Alla luce dei risultati ottenuti in questi ultimi 25 anni, il “New England Journal of Medicine” ha chiesto al professor Foà di scrivere una review su come è cambiato negli anni il trattamento e la prognosi della LAL Ph+.
La review, intitolata “Ph+ Acute Lymphoblastic Leukemia – 25 Years of Progress” e pubblicata il 15 maggio 2025, ricostruisce la storia di questi 25 anni di ricerca, che hanno portato a un cambiamento radicale dell’approccio terapeutico e nella prognosi dei pazienti adulti affetti da LAL Ph+, proponendo terapie che non ricorrono alla chemioterapia.
Oltre ai limitati effetti collaterali dell’approccio “chemio-free”, la review mette in risalto la marcata immunomodulazione che la terapia induce nei pazienti, arrivando fino a ipotizzare la possibilità, impensabile sino a pochi anni orsono, di sospendere il trattamento.

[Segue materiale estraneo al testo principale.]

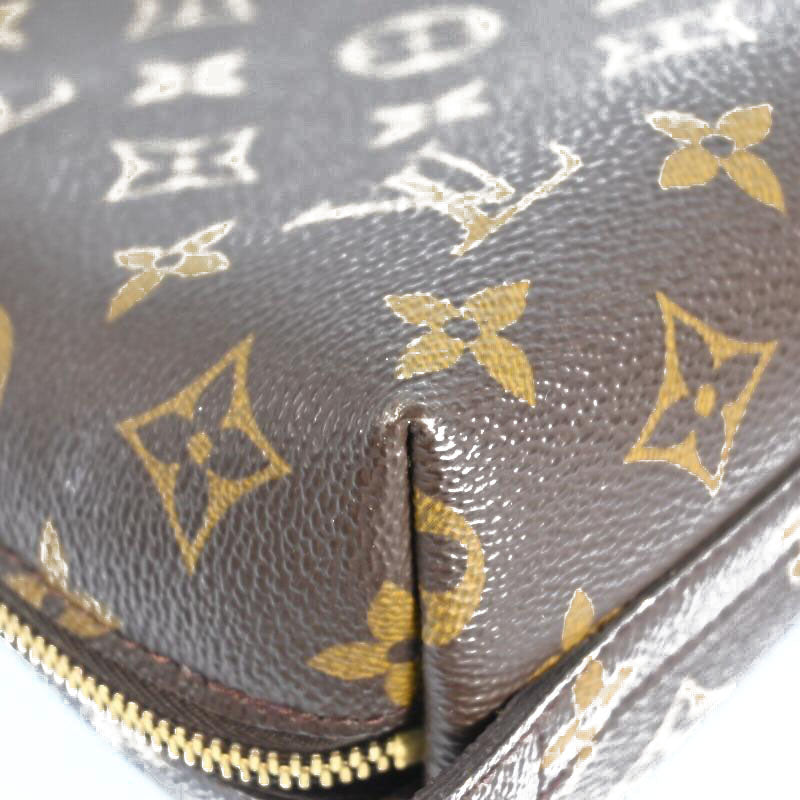 Louis Vuitton  Monogram Trousse Demi Ronde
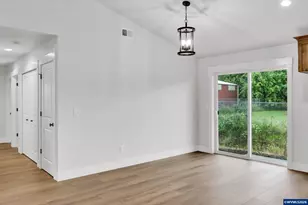 4410 Knotty Pne Ct, Sweet Home, OR 97386 - Photo 7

Infine, l’analisi mette in rilievo la discrepanza tra ciò che si vorrebbe poter fare per tutti i pazienti e la situazione reale: si parla, in questo caso, di “Recommended Frontline Strategy” e di “Real-Life Frontline Strategy”, a sottolineare come, nonostante i brillanti risultati ottenuti, troppo spesso ci si trovi davanti all’impossibilità di implementare la terapia ottimale di prima linea.
“Nel nostro paese ci sono tutte le possibilità per migliorare significativamente il trattamento e il decorso dei pazienti – dichiara Robin Foà – ma è paradossale che, di fatto, non solo non possiamo trattare i pazienti con la strategia che ha portato a un cambio radicale nella prognosi della LAL-Ph+, ma nemmeno attivare un nuovo protocollo clinico, com’era nelle nostre intenzioni”.
Riferimenti:
Robin Foà - Philadelphia-Positive Acute Lymphoblastic Leukemia – 25 Years of Progress - New England Journal of Medicine 2025;392:1941-1952.